DIRECTOR'S NOTE
Italians say “whenever someone dies, there is a business to be made.” When it comes to the death of labour migrants, the rules, practices and morality of such business are different. Most migrants can’t imagine death in migration. The money they make is sent back to finance the future: their children’s education, family houses and the everyday survival of people in another country. 3000 Euros required for repatriating the body back to Ukraine is an astronomical amount for most. Their families are far away. Their home, after decades of living abroad, is neither here nor there. But the idea of home, of family, even if they don’t meet for years, becomes the driver of all decisions, life choices, and self-discipline, thousands of miles away from the actual places and people. 

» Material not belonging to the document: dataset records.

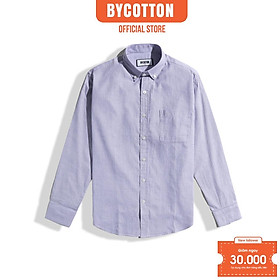 Áo Sơ Mi Nam Dài Tay Phối Sọc BY COTTON Sọc Tím 050223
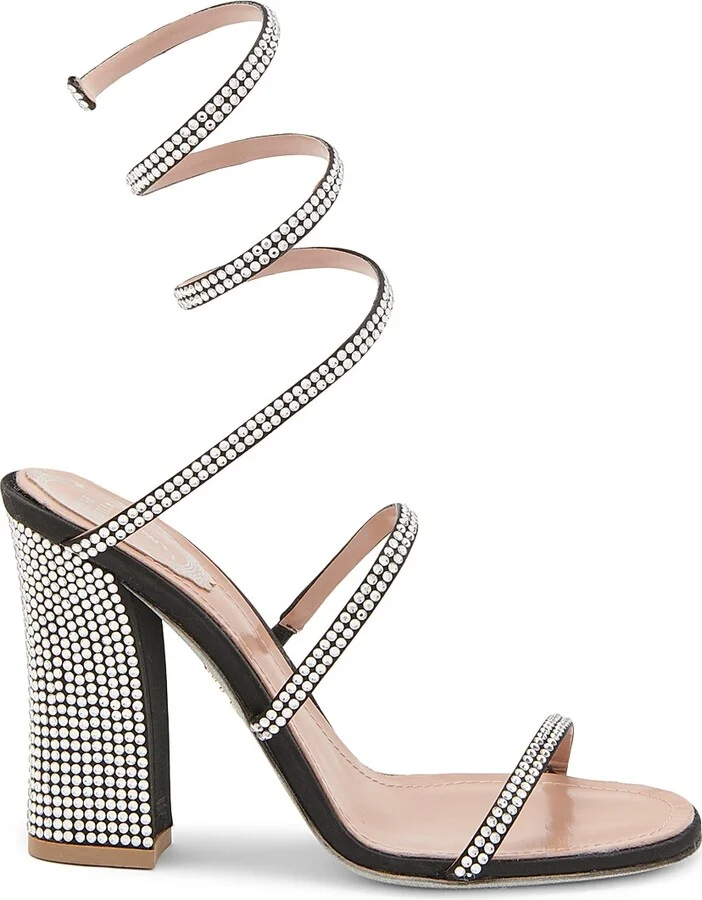 Women's 105MM Cleo Satin Sandals - Black Crystal - Size 6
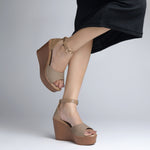 Load image into Gallery viewer, Women's Open Toe Textured Fabric Wedge Heel Sandals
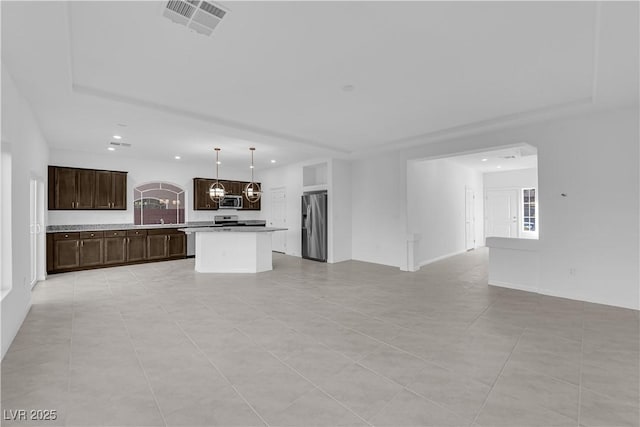 6142 Kelson Creek Ct, Las Vegas, NV 89118 - unfurnished living room with recessed lighting, visible vents, and light tile patterned flooring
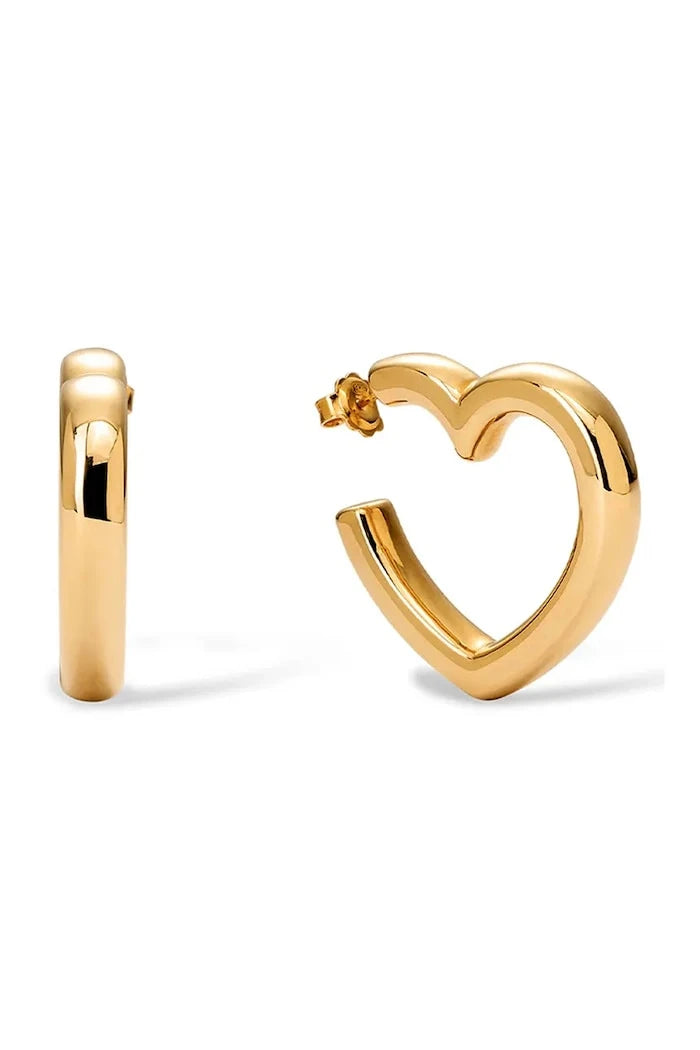 Altın Kaplama Gümüş Kadın HEART MINI Küpeler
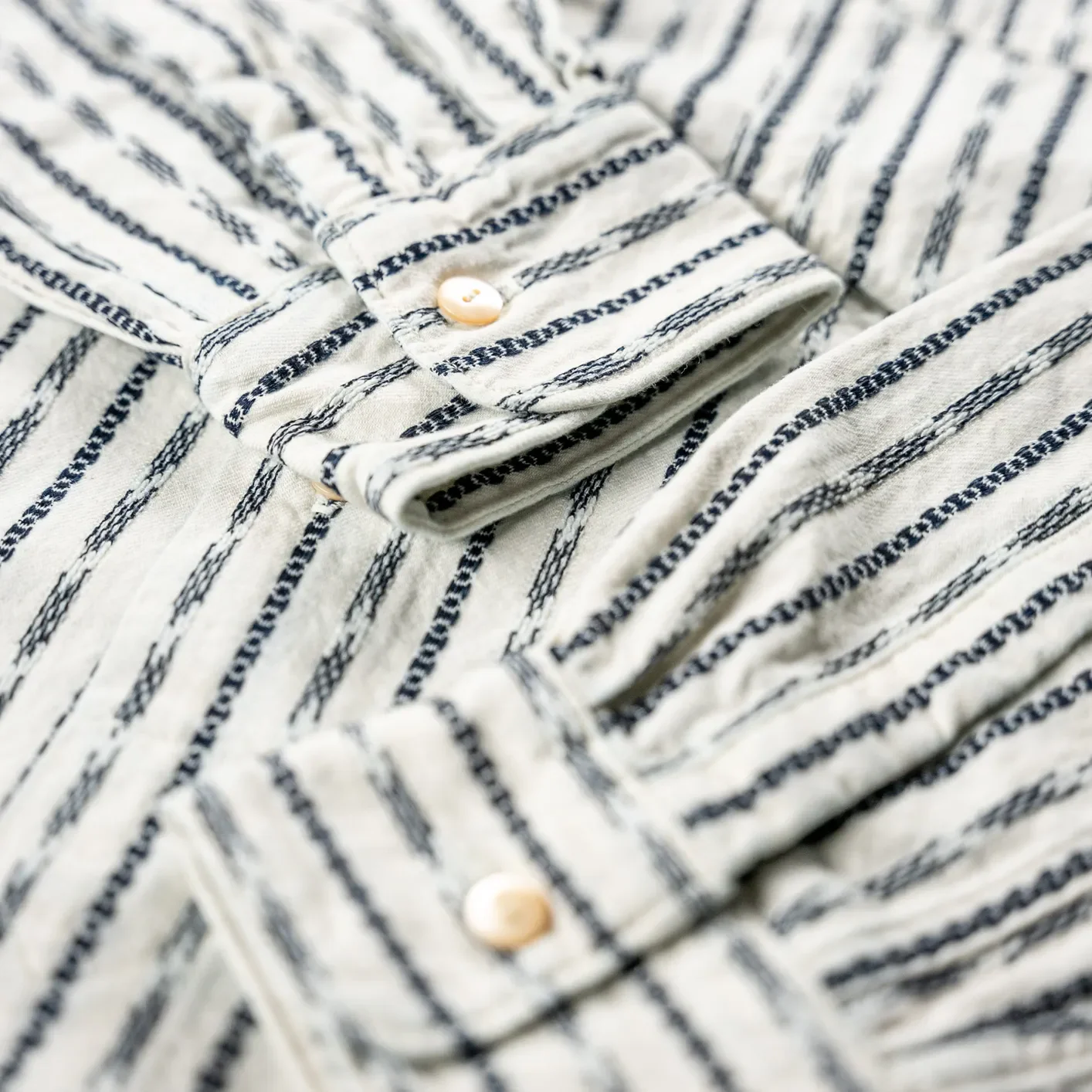 Prequel 7oz ‘Long Point’ Jacquard Shirt – Natural / Navy - Image 4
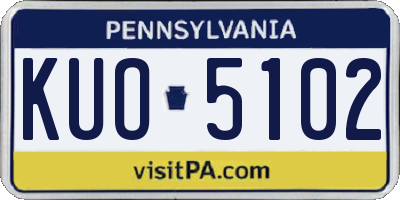 PA license plate KUO5102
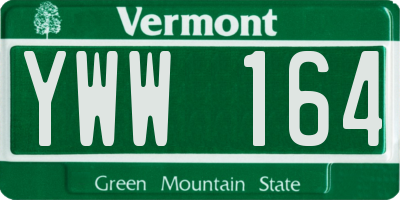 VT license plate YWW164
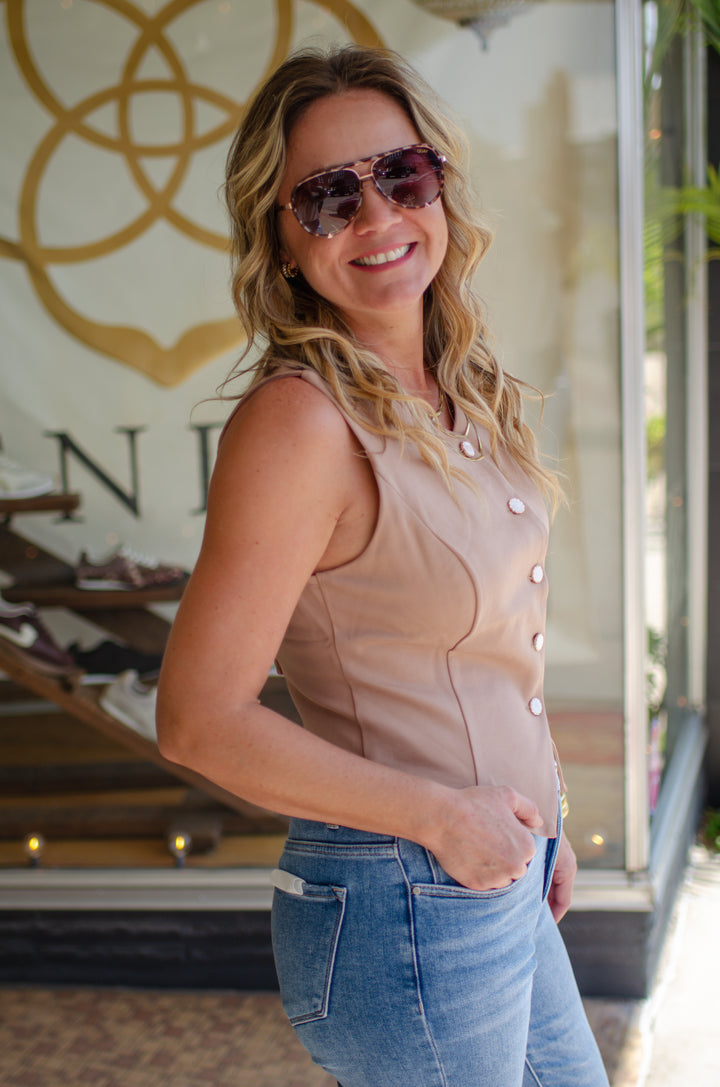 Perfect Love Vest Top in Mocha
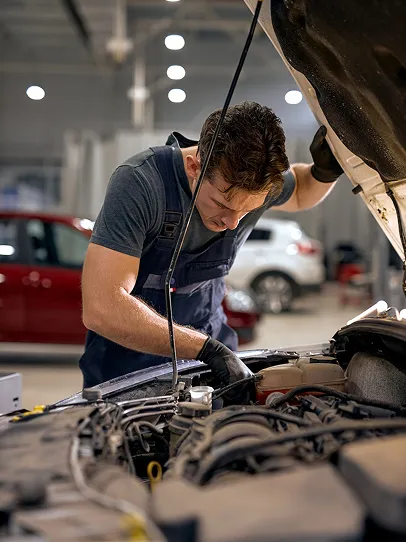 Mécanicien inspectant moteur de voiture dans un garage automobile.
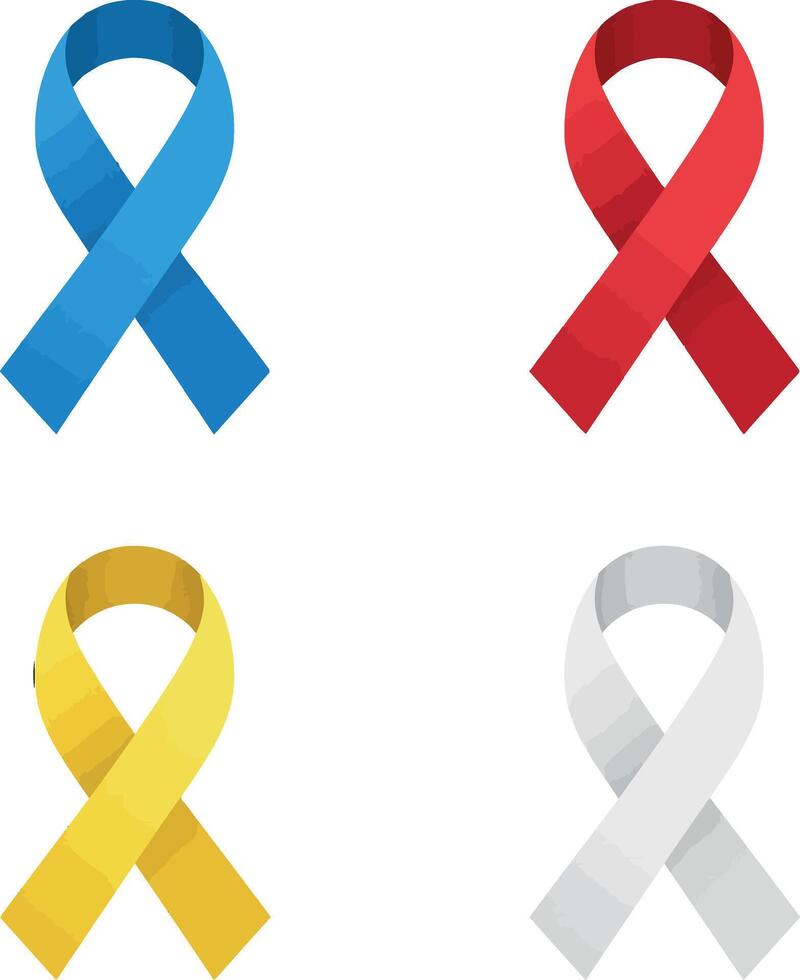 Awareness Ribbons in Blue Red Yellow and White Illustration for Cause Support and Charity vector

Funeralzzi is a film that uses a strong female gaze into many invisibilized topics. Through our main protagonist, who is a Ukrainian migrant woman who works in a transnational funeral business, we see multiplicity of care obligations she carries in virtual solitude. She finds solutions to problems neglected by the state policies, provides emotional support to the families in grief, and often, unresolved conflicts. She makes the economy of scarcity, characterising migration meet ends with the company's operational needs. And as many women of her background - she almost solely pushes the family relations forward. The full-scale war by Russia on Ukraine catalyses Natasha’s obligations, like it did for so many women in similar situations around the globe. In the film we see how under the rising pressure, Natasha’s humour and stoicism start peeling off, revealing her solitude. Her gradual personal awakening to disillusionment and painful choices she has to make reveal the true toll her work and life takes on her. The female gaze that she offers on her job, life in immigration and war makes the film a strong testimony of universal values.